Task to carry out: Find each line in the records below that contains the word "Load", and copy it out.

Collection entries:
* * *

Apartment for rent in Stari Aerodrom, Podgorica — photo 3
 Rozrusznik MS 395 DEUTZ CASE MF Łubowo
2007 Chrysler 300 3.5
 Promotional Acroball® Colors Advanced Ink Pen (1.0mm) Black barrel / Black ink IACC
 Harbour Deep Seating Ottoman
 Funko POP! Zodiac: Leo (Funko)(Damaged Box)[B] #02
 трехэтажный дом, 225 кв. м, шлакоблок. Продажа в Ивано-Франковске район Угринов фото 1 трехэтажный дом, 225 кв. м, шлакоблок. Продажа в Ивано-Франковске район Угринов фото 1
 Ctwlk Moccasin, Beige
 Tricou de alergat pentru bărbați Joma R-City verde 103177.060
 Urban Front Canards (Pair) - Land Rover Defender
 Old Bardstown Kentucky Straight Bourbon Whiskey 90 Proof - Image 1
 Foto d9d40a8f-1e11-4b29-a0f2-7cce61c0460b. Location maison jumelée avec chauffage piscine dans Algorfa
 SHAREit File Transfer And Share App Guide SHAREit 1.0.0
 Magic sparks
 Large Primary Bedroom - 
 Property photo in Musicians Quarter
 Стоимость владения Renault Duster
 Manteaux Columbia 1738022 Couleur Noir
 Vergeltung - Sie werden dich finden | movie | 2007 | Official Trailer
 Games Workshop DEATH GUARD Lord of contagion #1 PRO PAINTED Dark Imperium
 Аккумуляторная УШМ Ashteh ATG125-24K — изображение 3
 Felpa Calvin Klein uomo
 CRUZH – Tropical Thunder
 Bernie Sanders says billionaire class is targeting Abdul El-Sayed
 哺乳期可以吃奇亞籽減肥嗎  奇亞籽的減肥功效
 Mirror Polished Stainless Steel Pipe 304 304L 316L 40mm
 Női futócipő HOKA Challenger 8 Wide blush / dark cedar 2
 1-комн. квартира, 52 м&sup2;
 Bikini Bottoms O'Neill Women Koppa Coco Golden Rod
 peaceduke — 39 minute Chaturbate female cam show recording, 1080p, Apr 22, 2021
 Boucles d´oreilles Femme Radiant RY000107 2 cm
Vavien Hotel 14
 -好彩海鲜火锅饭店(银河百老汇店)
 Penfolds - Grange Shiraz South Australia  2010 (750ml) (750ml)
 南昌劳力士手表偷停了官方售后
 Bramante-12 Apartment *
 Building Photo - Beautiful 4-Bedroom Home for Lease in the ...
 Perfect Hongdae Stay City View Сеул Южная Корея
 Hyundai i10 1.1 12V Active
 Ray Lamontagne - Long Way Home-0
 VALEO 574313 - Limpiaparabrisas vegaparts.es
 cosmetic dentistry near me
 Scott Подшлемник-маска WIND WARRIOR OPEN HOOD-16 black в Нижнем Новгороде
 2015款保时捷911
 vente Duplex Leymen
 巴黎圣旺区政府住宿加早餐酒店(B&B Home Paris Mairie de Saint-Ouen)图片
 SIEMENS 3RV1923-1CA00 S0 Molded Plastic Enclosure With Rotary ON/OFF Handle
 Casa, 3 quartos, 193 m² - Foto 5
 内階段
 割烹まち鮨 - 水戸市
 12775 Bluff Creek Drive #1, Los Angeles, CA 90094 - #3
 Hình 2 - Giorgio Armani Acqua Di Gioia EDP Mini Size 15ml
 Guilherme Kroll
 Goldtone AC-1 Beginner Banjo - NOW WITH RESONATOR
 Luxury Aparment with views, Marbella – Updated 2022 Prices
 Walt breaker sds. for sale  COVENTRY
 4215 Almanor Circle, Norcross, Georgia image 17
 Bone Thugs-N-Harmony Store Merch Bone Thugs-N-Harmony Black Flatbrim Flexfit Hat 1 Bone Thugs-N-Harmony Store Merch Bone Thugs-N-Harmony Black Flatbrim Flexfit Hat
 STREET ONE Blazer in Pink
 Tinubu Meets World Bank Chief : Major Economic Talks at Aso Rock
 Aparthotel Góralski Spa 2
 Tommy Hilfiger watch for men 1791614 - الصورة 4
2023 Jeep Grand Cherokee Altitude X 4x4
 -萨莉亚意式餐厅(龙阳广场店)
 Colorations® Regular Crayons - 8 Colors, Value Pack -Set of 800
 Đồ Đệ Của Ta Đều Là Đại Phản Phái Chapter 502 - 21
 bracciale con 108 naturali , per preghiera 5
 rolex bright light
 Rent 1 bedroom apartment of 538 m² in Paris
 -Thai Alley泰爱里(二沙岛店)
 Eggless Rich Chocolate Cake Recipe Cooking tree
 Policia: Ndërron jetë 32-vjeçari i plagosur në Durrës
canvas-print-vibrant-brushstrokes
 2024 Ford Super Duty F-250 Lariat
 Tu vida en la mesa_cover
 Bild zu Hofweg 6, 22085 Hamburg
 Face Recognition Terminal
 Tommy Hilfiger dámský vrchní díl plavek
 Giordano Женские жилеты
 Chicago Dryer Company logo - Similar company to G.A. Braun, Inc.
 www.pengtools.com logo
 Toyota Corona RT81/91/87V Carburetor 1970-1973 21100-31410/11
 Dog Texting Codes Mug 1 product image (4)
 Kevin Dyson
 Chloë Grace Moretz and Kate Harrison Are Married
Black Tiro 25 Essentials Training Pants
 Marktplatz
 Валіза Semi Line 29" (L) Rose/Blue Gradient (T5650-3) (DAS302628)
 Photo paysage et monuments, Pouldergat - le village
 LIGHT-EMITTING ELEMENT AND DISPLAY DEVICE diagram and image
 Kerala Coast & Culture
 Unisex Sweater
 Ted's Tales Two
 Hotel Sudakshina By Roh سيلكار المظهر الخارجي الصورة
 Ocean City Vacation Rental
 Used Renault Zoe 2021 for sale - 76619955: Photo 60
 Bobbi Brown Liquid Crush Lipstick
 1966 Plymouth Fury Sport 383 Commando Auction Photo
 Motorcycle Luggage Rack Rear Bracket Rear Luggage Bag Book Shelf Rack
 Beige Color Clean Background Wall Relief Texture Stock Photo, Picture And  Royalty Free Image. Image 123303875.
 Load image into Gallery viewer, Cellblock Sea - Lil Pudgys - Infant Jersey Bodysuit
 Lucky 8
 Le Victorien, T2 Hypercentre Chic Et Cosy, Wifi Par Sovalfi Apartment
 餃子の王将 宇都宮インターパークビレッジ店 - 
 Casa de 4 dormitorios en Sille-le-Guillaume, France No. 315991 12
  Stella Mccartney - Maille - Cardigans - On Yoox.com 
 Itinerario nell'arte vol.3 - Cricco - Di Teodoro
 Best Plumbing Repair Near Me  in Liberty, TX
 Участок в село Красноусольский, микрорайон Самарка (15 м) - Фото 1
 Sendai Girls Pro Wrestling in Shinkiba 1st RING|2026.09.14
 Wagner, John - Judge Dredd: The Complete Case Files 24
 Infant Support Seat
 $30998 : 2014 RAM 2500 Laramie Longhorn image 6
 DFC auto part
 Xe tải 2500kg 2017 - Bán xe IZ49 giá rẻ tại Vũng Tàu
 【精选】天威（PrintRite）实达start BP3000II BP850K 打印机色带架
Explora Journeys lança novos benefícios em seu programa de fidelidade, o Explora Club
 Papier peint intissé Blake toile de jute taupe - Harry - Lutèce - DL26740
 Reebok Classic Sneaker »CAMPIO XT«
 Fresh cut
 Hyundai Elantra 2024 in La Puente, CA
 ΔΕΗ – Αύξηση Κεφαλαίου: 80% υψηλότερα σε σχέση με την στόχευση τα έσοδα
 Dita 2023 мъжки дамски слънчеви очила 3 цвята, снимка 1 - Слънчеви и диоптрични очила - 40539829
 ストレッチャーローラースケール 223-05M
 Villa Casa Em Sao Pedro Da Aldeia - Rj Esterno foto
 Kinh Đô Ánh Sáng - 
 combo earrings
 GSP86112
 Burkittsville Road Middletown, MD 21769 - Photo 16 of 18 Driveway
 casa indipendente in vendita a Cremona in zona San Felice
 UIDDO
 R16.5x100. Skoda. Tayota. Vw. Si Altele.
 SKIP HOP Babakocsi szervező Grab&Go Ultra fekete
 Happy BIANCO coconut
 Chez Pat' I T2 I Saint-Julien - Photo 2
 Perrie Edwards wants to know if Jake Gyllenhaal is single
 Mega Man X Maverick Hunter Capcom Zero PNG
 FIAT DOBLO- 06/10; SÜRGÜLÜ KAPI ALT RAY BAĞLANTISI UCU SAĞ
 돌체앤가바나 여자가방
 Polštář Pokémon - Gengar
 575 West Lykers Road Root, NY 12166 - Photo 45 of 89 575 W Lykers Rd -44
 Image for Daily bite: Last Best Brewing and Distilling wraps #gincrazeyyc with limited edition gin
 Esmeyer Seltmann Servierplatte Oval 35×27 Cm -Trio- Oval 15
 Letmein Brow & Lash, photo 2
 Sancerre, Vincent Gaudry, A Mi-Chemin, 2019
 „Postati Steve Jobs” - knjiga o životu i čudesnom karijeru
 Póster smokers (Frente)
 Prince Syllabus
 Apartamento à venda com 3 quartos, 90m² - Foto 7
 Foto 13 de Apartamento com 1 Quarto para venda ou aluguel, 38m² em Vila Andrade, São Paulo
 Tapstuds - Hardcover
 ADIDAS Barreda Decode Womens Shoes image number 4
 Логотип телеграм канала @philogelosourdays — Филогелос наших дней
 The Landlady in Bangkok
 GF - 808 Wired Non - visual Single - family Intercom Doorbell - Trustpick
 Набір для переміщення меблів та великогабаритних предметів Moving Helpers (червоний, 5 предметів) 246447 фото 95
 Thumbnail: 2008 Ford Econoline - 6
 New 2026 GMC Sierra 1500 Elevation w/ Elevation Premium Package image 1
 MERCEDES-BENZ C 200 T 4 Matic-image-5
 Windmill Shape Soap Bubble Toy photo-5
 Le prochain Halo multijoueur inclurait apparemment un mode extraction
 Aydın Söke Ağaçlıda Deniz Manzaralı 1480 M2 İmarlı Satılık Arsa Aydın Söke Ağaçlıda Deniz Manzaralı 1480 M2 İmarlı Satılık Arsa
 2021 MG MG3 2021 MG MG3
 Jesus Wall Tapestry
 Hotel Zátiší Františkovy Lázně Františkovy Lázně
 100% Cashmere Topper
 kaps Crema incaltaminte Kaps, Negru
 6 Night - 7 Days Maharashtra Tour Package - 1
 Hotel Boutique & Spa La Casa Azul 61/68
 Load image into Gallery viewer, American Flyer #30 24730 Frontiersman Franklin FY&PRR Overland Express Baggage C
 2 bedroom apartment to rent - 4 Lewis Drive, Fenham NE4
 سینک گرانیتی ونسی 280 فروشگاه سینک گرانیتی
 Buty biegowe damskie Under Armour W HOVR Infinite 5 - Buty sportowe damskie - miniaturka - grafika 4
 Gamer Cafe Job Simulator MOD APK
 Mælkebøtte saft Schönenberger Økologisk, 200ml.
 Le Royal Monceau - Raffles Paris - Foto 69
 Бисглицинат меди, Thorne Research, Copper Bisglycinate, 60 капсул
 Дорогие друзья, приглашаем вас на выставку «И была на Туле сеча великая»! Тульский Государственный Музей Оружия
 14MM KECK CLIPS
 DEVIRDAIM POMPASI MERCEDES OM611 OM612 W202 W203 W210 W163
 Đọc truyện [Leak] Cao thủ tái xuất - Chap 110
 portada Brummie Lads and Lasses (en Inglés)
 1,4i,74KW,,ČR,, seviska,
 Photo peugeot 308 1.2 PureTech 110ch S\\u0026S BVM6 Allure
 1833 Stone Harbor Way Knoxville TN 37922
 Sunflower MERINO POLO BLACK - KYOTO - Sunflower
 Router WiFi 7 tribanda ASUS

* * *

Answer for the task:
 Load image into Gallery viewer, Cellblock Sea - Lil Pudgys - Infant Jersey Bodysuit
 Load image into Gallery viewer, American Flyer #30 24730 Frontiersman Franklin FY&PRR Overland Express Baggage C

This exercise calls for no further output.